# Can a language be Turing Complete if its only provision for unlimited code/memory is through recursion?

We've developed an esoteric language. In this language, a program contains a static amount of code, and a static amount of storage space. However, parts of the program can recurse, so the interpreter will spawn another copy of a subset of the code and additional storage space to match. Can this language be Turing Complete?

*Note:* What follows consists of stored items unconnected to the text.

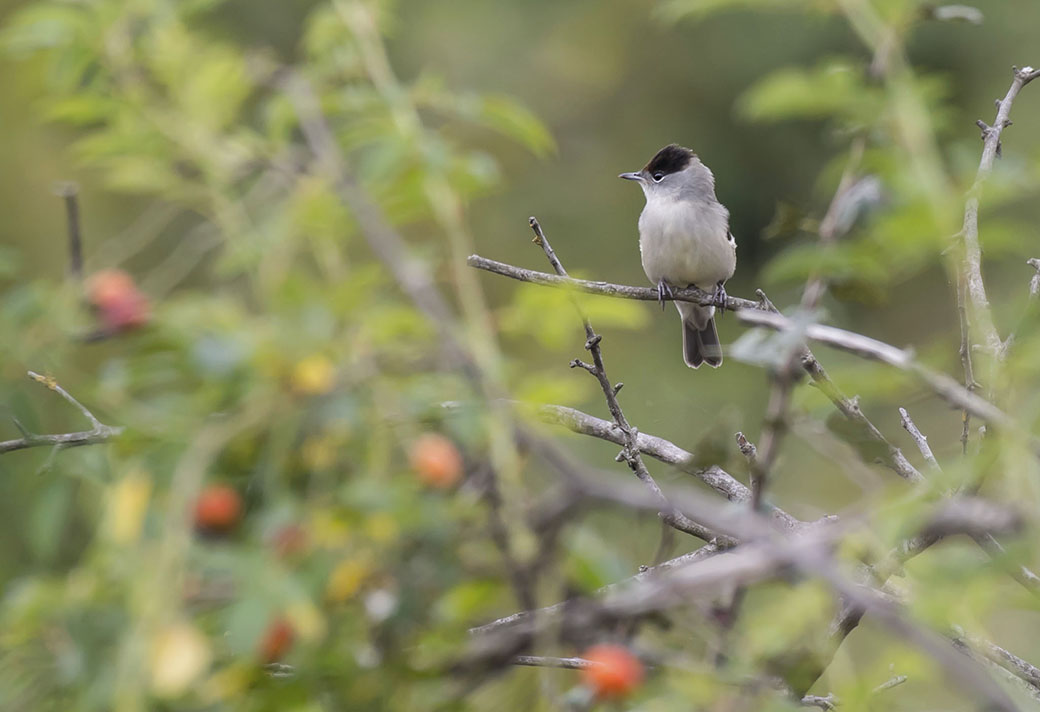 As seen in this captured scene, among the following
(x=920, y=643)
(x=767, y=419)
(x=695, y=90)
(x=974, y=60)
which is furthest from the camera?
(x=695, y=90)

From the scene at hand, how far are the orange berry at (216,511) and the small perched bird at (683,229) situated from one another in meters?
4.10

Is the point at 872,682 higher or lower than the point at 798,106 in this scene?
lower

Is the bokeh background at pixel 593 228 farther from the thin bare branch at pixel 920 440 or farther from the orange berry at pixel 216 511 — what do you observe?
the thin bare branch at pixel 920 440

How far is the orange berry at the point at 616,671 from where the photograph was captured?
1032 millimetres

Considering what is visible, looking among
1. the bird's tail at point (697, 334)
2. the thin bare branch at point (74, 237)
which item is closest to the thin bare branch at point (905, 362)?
the thin bare branch at point (74, 237)

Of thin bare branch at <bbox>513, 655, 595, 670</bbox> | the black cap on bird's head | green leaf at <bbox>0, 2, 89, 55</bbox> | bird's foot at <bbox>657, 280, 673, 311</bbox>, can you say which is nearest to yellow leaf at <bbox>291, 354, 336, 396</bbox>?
thin bare branch at <bbox>513, 655, 595, 670</bbox>

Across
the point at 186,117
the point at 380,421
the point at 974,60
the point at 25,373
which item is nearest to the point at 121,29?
the point at 186,117

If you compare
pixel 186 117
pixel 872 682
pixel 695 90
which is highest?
pixel 186 117

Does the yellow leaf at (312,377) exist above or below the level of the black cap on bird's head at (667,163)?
above

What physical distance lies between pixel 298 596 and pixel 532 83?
11.1 meters

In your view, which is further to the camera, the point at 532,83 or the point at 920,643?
the point at 532,83

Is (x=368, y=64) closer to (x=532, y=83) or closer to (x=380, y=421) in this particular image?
(x=380, y=421)

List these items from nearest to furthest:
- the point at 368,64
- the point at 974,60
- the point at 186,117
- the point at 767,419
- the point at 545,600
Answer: the point at 545,600, the point at 767,419, the point at 186,117, the point at 368,64, the point at 974,60

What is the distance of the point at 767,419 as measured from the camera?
3.84 feet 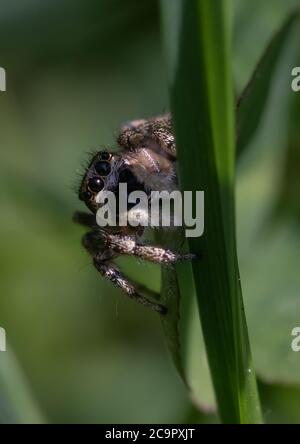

• – Raphael Jun 9 '15 at 18:08
• I do not see why storage should be an issue. A single integer can store an arbitrary Turing Machine configuration (tape and head position), and a finite state transducer can change such a configuration into the next one obtainable by application of a transition. And that can be repeated with a loop. Is that really the question you want to ask? – babou Jun 9 '15 at 20:41
• @babou limited storage implies limited integer range. if my integers only go up to 255 then there are a lot of turing machine configurations that I can't store. – Sparr Jun 9 '15 at 20:44
• It might be useful to describe some of the features in more detail: in particular, can the program inspect it's own stack? If not, then it seems that each function call only has access to a finite amount of information, which would imply turing-incompleteness. But we need a bit more info to be sure. – cody Jun 9 '15 at 22:27
• Your point is well made. But I wanted to be sure. My only worry was whether you allowed encodings or not. Your answer is much stronger and forces me to change my view of the problem, since it also prevent storing pointers. – babou Jun 9 '15 at 22:35

Given your very strict interpretation of limited memory size, limiting also the size of integers, one consequence is that it is not possible to play encoding games with integers (such as Gödel enumerations or encodings).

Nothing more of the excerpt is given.